■ The problem ■
From the first line of the entries below to the line with "Astronaut In Space", give each line again exactly.

START Data shown

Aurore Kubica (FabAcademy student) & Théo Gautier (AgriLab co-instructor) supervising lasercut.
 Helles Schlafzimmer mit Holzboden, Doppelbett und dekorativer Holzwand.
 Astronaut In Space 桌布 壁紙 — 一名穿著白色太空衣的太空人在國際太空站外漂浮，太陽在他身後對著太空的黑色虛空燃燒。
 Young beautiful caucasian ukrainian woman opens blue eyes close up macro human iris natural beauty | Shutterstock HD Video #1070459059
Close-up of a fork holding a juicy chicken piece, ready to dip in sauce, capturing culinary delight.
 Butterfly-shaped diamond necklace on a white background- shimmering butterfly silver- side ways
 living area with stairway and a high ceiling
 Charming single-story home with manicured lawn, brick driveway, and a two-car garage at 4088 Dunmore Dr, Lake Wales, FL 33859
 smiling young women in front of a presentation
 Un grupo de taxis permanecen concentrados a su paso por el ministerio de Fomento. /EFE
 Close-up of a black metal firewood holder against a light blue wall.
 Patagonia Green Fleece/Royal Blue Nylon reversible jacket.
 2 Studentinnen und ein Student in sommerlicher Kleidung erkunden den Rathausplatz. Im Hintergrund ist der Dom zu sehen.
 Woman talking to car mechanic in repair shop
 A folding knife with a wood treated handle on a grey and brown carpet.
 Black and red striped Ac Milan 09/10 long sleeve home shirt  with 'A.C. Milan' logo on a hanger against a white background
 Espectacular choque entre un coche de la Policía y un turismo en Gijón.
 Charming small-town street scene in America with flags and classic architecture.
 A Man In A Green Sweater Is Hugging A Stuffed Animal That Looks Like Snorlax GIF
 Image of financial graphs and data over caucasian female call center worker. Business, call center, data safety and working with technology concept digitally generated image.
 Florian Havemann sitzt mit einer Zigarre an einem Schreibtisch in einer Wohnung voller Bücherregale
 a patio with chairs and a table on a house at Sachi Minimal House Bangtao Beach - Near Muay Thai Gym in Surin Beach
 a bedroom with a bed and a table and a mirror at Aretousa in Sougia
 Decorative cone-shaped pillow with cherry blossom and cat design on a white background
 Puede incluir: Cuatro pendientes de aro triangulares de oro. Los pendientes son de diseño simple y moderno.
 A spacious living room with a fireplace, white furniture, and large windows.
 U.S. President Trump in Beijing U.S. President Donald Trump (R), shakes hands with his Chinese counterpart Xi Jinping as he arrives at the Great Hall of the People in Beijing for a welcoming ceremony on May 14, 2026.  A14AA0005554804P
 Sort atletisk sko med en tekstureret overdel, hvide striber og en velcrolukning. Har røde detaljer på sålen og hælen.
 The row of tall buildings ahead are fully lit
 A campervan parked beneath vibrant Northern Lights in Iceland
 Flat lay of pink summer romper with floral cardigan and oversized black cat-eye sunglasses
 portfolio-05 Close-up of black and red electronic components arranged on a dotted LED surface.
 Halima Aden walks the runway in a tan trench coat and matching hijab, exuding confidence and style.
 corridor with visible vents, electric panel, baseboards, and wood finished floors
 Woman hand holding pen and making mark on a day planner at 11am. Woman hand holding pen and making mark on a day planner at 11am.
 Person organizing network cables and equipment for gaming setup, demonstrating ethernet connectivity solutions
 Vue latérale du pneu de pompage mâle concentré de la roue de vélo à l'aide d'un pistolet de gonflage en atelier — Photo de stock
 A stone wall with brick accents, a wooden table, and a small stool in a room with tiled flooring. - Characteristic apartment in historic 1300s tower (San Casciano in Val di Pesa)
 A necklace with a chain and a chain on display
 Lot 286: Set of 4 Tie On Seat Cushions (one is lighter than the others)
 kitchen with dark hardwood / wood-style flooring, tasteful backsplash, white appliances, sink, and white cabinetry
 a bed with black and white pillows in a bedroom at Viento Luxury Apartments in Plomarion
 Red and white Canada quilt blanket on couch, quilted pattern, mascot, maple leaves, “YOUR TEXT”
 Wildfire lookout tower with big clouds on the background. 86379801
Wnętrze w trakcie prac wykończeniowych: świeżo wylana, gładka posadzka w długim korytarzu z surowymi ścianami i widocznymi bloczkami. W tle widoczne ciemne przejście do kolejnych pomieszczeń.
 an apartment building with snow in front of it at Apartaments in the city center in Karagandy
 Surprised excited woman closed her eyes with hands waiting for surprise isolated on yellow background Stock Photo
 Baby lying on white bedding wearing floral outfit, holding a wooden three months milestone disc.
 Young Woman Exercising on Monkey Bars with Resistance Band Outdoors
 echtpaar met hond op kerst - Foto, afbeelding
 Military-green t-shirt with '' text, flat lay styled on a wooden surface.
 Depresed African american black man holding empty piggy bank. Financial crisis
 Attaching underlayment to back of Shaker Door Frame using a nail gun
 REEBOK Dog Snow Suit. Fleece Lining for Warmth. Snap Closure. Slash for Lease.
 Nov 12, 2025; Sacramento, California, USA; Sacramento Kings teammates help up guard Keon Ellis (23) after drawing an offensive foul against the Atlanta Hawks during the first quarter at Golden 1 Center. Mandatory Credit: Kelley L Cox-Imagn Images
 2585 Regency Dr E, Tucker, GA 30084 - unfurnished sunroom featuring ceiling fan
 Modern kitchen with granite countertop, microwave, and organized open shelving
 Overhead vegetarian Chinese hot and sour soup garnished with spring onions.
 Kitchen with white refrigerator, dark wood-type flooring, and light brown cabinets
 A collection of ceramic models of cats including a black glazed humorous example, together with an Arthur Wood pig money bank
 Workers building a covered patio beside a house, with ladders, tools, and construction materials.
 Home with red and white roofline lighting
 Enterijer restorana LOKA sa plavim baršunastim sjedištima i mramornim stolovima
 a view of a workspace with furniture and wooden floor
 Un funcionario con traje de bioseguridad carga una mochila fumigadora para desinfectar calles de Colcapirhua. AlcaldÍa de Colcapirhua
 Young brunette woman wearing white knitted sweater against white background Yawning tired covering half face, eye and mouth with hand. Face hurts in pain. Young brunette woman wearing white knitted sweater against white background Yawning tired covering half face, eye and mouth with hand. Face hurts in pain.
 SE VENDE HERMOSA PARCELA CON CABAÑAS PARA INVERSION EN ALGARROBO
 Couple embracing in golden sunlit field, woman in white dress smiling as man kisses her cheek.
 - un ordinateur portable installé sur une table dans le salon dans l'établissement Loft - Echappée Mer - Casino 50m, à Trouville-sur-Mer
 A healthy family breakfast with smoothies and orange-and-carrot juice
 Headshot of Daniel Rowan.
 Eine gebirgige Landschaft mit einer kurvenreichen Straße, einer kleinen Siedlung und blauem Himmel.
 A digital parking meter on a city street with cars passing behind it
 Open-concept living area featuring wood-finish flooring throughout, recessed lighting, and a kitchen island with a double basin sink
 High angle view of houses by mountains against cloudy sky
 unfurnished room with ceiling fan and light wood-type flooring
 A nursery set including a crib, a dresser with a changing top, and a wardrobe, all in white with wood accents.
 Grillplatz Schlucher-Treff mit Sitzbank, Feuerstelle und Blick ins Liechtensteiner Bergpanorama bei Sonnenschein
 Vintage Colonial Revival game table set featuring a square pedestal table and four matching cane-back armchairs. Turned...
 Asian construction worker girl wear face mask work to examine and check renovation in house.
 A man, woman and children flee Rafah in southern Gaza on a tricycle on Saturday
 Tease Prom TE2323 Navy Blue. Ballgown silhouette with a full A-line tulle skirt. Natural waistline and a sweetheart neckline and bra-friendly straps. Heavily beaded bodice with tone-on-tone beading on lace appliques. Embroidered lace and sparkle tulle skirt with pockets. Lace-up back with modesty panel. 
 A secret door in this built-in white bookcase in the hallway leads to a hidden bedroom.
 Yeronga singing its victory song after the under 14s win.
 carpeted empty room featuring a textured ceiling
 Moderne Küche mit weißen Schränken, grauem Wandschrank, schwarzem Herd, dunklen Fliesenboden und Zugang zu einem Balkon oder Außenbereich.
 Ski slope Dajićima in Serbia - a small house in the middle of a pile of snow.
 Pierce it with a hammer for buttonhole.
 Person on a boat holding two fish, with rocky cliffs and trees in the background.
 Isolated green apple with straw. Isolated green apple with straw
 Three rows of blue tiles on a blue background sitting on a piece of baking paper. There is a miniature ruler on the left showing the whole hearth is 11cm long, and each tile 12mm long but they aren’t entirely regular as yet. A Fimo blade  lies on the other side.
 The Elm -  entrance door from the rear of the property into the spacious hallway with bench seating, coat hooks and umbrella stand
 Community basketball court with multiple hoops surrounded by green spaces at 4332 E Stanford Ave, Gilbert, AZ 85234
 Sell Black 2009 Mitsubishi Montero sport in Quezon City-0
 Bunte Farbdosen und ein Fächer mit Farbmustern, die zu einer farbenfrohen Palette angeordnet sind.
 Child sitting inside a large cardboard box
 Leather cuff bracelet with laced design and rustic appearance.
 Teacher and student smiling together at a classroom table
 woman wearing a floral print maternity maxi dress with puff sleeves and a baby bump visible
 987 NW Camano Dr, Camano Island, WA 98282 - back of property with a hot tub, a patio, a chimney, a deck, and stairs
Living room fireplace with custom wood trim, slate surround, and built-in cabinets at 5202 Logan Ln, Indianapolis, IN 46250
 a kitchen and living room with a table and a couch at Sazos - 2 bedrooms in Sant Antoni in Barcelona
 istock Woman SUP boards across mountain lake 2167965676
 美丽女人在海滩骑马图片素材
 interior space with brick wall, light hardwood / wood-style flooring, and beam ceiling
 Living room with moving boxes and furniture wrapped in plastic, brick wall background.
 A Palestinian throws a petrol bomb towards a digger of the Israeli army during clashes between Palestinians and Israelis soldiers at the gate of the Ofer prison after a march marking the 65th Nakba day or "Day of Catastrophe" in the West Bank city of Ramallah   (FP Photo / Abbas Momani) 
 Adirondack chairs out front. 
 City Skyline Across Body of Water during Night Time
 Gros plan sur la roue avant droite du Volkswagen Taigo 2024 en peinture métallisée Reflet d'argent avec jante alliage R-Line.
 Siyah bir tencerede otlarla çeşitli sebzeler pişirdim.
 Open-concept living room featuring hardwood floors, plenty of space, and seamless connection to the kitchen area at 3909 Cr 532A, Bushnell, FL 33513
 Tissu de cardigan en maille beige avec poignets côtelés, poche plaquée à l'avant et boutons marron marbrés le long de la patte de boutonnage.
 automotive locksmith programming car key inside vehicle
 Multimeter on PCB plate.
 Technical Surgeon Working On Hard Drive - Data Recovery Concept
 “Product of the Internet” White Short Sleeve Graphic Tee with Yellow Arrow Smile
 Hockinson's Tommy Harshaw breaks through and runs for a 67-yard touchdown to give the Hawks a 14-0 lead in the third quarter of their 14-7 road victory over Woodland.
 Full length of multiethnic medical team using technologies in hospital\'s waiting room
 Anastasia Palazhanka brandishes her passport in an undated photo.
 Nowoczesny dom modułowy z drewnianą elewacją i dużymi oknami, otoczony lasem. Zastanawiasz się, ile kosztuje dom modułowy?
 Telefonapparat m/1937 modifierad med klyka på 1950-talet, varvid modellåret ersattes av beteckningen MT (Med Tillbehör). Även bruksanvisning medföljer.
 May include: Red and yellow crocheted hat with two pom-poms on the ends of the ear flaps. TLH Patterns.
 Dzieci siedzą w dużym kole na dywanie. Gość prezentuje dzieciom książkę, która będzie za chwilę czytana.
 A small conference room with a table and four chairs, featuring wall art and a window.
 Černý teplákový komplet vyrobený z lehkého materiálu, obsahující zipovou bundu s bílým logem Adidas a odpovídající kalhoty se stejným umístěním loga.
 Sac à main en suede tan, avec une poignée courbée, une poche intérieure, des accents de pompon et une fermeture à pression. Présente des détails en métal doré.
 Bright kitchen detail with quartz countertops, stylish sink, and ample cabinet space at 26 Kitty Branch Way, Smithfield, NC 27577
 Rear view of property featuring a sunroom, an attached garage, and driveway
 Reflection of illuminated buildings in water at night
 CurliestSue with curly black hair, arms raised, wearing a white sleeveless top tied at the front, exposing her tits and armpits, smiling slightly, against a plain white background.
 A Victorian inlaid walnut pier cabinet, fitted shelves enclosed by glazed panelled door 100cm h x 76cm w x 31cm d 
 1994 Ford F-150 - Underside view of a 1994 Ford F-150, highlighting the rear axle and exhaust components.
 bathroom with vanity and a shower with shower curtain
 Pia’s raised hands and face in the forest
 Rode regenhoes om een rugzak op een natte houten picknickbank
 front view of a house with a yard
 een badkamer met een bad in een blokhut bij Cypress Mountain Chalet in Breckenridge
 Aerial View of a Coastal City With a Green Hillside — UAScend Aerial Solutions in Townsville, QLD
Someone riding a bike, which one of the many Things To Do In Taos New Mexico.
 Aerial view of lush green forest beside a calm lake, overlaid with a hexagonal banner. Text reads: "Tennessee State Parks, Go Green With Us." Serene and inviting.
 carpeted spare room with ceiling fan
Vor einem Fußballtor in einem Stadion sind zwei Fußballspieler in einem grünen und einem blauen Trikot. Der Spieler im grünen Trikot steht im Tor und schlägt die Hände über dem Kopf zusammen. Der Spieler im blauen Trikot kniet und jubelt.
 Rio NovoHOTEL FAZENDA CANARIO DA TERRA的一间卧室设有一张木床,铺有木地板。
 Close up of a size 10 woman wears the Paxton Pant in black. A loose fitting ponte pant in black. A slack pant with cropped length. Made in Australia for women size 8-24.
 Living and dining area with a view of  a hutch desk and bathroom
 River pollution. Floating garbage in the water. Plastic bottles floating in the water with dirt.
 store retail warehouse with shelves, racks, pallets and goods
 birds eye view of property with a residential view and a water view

END Data shown

■ Written response ■
Aurore Kubica (FabAcademy student) & Théo Gautier (AgriLab co-instructor) supervising lasercut.
 Helles Schlafzimmer mit Holzboden, Doppelbett und dekorativer Holzwand.
 Astronaut In Space 桌布 壁紙 — 一名穿著白色太空衣的太空人在國際太空站外漂浮，太陽在他身後對著太空的黑色虛空燃燒。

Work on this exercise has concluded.